In another preferred embodiment in immunohistochemistry the primary antibody used to detect SERPINB1 is an antibody that recognizes the sequence SEQ ID NO: 3. In a more preferred embodiment in immunohistochemistry the primary antibody used to detect SERPINB1 is HPA018871 SERPINB1 (Sigma Aldrich, Steinheim, Germany).

image17

image18

The term "quantify the level of expression" as used in the present invention refers to the measure of the amount of protein present in a biological sample. Quantification is performed by immunohistochemistry and quantification of the amount and intensity of staining in the stained biological sample. The quantification can be carried out both manually by visualization by expert pathologists who can determine the positivity of the cells with respect to the staining used. The quantification can also be carried out by means of computer tools that allow to establish a limit from which the staining of a granulocyte is considered positive, or in a fully automated way by means of various computer tools that allow to determine the staining intensity of the biological sample.

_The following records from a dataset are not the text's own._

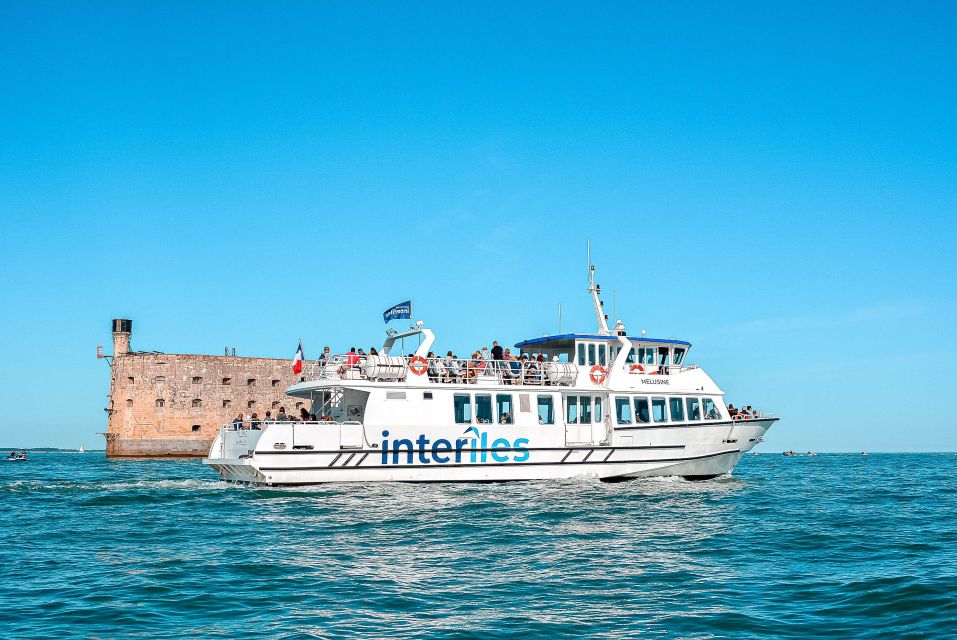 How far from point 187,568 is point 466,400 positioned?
46.0 feet

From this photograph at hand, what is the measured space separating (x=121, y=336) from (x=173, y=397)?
20.0ft

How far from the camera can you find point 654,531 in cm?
1798

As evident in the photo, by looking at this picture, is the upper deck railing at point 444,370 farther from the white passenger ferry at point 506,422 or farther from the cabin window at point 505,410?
the cabin window at point 505,410

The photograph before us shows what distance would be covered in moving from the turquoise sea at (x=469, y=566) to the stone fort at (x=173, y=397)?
4365 centimetres

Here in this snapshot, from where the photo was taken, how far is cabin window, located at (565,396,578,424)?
28.2 m

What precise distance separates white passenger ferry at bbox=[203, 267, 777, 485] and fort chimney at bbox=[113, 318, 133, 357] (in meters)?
42.6

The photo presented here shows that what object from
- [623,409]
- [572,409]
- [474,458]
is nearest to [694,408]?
[623,409]

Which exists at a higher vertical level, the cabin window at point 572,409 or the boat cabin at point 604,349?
the boat cabin at point 604,349

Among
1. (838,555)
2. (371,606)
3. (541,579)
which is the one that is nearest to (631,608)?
(541,579)

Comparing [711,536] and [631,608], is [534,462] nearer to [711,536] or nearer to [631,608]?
[711,536]

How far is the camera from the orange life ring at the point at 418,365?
2647 centimetres

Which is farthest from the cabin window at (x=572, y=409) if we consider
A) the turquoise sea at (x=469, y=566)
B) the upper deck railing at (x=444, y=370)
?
the turquoise sea at (x=469, y=566)

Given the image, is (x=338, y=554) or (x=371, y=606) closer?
(x=371, y=606)

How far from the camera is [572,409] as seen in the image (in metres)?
28.3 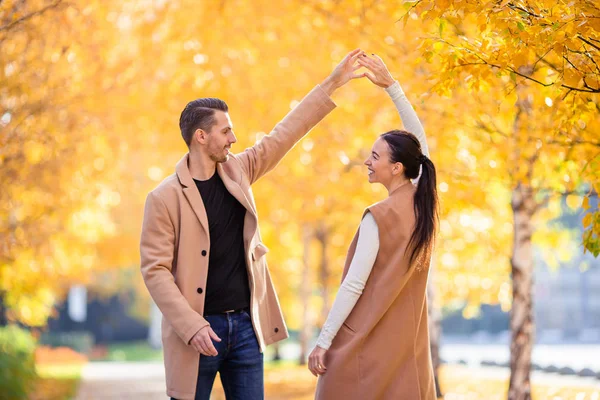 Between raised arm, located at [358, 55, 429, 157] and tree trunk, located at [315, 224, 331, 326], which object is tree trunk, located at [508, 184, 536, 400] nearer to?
raised arm, located at [358, 55, 429, 157]

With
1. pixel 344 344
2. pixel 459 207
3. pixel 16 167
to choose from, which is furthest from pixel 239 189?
pixel 16 167

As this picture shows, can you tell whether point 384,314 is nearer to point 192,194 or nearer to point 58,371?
point 192,194

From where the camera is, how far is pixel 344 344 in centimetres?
409

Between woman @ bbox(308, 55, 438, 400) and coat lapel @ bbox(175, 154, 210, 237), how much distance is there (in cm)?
75

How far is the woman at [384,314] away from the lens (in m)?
4.05

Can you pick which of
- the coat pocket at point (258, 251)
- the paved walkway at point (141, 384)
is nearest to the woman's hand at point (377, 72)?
the coat pocket at point (258, 251)

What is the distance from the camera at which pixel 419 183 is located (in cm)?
425

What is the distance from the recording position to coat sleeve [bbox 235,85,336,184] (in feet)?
15.9

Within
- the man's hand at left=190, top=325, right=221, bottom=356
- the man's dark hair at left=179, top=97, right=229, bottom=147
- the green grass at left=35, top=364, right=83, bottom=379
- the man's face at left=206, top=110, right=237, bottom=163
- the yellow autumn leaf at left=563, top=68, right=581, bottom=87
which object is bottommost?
the man's hand at left=190, top=325, right=221, bottom=356

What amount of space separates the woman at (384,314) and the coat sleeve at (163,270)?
1.97 ft

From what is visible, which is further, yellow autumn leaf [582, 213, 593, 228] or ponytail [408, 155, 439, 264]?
yellow autumn leaf [582, 213, 593, 228]

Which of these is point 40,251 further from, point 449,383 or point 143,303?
point 143,303

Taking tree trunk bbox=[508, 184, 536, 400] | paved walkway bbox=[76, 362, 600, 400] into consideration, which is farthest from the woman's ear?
paved walkway bbox=[76, 362, 600, 400]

"Standard value" means any value or range of values derived from the quantification of the proteins included in the method of the invention in a biological control sample from a healthy individual or in a mixture of biological samples derived from a control group. The present invention has special utility to be able to diagnose patients with myeloproliferative neoplasms of patients presenting diseases with similar symptoms such as thrombocytosis. Therefore, the term "standard value" in the present invention also refers to any value or range of values derived from the quantification of the proteins included in the method of the invention in a biological control sample from an individual or group of individuals presenting a disease with a symptomatology similar to myeloproliferative neoplasms and preferably JAK2WT TE but which do not have such diseases. Preferably, the disease with symptoms similar to myeloproliferative neoplasms is thrombocytosis.

In the present description, "control group" means a group of healthy individuals, preferably of the same or similar age as the subject studied, from which values or ranges of expression values have been obtained in a collection of biological samples from of said healthy individuals, and that are representative of the population in which the method of the invention is to be applied. The quantification of the level of expression of the proteins must be performed in the same way, and be obtained from the same type of isolated biological sample as that from the subject to be studied in step (a) of the method of the invention.

image19

image20

By "healthy", "healthy individual" or "healthy subject" is understood in the present invention that subject or individual who does not suffer from a myeloproliferative neoplasm, preferably PV, MFP, TE JAK2WT or TE JAK2V617F, and more preferably TE JAK2WT.

By "healthy population" is understood in the present invention, a set of individuals or subjects who do not suffer from a myeloproliferative neoplasm, preferably PV, MFP, TE JAK2WT or TE JAK2V617F, and more preferably TE JAK2WT.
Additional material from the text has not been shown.